On Monday, April 17, Jews from all over the world gathered to commemorate Yom HaShoah, or Holocaust Remembrance Day. Marked yearly in our calendars, this day offers a chance for Jews and non-Jews to reflect on the atrocities committed around 80 years ago. While these days of remembrance bring up immeasurable pain for many, keeping Holocaust education alive is more important than ever. Ensuring society is literate about this unimaginable genocide is imperative to show how antisemitism is not an isolated moment in history but an ongoing force that continues to plague our everyday lives.

According to Statistics Canada, hate crimes against Jews have been on the rise in recent years. In 2021, there was a 47 per cent increase in police-reported hate crimes against Jewish people. Of the 884 religion-based hate crimes that year, 487 of them targeted the Jewish community.
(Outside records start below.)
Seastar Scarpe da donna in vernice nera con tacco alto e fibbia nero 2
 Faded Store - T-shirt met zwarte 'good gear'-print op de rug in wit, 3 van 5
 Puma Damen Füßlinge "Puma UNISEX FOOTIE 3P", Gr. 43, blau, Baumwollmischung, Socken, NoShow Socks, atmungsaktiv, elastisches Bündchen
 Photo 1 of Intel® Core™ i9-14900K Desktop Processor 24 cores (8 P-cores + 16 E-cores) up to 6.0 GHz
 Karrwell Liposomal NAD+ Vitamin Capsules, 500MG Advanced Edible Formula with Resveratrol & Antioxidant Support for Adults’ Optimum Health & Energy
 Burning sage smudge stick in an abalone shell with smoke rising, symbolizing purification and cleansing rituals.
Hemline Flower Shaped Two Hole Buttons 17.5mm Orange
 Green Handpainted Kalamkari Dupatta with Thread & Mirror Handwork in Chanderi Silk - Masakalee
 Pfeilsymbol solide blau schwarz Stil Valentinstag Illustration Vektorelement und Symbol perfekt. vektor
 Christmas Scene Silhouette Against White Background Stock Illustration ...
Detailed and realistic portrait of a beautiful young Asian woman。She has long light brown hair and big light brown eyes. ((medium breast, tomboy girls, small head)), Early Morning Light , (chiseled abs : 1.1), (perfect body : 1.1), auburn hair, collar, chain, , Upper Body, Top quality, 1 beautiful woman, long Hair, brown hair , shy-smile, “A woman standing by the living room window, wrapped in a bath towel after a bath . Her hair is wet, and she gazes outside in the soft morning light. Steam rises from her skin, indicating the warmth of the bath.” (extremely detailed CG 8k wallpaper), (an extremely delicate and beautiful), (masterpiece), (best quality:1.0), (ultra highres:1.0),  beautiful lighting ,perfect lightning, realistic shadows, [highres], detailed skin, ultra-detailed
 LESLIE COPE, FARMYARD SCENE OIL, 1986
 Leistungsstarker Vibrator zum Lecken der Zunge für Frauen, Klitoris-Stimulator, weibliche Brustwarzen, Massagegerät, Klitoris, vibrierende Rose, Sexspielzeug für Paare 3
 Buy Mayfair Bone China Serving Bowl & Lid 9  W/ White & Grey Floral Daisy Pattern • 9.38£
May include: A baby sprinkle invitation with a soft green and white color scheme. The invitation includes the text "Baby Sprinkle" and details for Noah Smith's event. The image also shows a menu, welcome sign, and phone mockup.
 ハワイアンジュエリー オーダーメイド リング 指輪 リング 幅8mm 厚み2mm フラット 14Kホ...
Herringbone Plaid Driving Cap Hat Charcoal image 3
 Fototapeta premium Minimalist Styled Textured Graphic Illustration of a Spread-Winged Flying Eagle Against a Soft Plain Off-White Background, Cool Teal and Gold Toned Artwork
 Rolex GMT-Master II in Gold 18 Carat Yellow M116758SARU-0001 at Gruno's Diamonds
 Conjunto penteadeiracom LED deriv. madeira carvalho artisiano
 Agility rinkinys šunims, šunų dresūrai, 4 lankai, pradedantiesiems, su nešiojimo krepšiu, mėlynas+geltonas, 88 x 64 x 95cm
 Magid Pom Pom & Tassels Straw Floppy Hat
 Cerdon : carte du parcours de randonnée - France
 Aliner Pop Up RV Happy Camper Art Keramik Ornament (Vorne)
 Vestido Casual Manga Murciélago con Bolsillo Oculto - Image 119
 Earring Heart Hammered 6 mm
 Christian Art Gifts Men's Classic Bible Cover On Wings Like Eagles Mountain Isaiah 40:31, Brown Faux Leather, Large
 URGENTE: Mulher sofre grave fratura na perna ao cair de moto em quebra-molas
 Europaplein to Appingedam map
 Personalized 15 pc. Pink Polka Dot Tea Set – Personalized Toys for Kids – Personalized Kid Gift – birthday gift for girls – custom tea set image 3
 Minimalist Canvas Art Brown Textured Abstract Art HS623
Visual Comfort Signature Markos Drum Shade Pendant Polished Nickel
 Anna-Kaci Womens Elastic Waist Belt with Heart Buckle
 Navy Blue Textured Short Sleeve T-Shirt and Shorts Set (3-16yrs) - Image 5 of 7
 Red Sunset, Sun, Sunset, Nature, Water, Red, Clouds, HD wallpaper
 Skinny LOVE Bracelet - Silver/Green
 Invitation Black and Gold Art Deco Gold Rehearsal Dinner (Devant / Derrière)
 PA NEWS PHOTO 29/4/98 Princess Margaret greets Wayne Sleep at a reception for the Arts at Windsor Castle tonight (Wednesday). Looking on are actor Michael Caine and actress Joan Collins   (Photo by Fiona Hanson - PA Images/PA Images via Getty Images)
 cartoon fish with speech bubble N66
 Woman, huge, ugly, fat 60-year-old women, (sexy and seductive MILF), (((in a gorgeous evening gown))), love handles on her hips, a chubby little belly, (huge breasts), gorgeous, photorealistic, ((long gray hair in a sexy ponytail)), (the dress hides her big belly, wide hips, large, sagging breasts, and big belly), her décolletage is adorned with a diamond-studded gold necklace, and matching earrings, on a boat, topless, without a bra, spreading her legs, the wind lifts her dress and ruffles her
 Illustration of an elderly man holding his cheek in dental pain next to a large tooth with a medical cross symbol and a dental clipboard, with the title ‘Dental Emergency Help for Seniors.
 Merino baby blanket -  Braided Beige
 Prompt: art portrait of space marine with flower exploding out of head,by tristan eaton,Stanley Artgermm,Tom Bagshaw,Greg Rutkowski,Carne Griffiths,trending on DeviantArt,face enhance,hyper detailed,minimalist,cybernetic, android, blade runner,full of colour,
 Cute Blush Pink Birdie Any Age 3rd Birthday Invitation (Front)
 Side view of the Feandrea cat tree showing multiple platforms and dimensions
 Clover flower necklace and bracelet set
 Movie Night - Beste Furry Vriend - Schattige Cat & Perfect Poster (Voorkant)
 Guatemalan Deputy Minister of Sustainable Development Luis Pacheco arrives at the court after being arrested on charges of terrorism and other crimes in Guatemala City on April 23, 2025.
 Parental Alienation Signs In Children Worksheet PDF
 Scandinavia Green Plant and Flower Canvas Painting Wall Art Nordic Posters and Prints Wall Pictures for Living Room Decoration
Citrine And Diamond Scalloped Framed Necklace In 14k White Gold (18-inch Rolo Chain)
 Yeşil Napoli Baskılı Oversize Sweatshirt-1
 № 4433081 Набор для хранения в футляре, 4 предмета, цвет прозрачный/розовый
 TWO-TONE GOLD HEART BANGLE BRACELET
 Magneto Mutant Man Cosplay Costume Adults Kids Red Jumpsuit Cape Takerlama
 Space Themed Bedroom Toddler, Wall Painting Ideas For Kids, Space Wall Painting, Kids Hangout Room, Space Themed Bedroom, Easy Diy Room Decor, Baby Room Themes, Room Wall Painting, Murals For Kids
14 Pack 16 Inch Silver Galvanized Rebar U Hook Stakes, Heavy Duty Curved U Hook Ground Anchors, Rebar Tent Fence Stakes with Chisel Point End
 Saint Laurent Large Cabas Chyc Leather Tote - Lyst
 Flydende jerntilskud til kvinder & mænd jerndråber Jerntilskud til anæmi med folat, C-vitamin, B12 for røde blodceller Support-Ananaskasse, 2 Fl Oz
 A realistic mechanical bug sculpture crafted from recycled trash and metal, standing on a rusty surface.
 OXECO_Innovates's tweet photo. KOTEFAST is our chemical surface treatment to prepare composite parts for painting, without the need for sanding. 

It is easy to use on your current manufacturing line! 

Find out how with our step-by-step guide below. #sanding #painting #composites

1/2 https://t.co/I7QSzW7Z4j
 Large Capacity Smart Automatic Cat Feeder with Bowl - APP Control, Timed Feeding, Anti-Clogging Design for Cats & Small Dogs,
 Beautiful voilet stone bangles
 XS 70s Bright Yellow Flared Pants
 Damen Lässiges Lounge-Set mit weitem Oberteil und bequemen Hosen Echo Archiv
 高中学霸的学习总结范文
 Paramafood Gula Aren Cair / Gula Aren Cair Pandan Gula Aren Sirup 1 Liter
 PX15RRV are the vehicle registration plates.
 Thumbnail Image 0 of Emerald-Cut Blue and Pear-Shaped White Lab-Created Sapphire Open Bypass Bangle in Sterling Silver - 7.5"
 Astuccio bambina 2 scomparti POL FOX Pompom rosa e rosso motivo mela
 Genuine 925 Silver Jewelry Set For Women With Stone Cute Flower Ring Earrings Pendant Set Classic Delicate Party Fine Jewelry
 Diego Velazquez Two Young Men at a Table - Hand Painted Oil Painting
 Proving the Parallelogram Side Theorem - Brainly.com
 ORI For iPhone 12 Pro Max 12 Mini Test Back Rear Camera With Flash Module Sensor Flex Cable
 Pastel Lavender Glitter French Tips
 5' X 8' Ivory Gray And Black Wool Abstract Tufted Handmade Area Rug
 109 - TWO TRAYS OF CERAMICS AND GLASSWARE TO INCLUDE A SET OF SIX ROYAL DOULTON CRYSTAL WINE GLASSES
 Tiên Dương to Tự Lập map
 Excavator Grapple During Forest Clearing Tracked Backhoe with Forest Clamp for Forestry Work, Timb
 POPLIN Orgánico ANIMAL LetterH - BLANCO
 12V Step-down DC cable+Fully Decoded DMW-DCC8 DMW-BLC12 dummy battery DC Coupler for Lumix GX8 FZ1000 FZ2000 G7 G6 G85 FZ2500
That is why the new Toronto Holocaust Museum, opening June 9, will be an important hallmark in the city, says Dara Solomon, executive director of the Neuberger Holocaust Education Centre. Stocked with primary documents, archival footage, and personal testimony of survivors, the museum—like many around the world—will educate the public on this tragic chapter in the world’s history; making us confront the ugliest parts of humanity in order to forge a more peaceful future.

I talked with Solomon on the importance of commemorating the Holocaust, educating the public, and why historical preservation can help combat antisemitism today.

This is a simple question to start, but why is it important to commemorate Yom HaShoah?

Yom HaShoah is the Jewish date of remembrance for the Holocaust, but there are now a number of dates that Jews and non-Jews mark throughout the year to commemorate the Holocaust. Yom HaShoah has been a community tradition for several decades and started in Toronto early on, as early as the late 1940s. These commemorative activities and services were important for survivors and their families but it’s important to continue the tradition for all Jews. Now we also have International Holocaust Remembrance Day that falls on January 27, to ensure the non-Jewish community commemorates this time in our history.

How do you educate those in the non-Jewish community who don’t know the Holocaust as intimately as Jews do?

There’s also Holocaust Education Week in early November, which typically closes on the commemoration of the anniversary of Kristallnacht on November 8. Holocaust Education Week—which was founded by volunteers who were involved with our centre years ago—has a mandate to ensure Holocaust education takes place in intercultural spaces such as churches, mosques, and faith-based groups. The goal was to build relationships with those groups to carry on that education to other religious communities. And education continued to happen in public libraries and schools. It’s shifted in recent years because we want to make sure Holocaust education takes place throughout the year and not just one week. The Toronto Holocaust Museum will make it possible for everyone to learn and commemorate together.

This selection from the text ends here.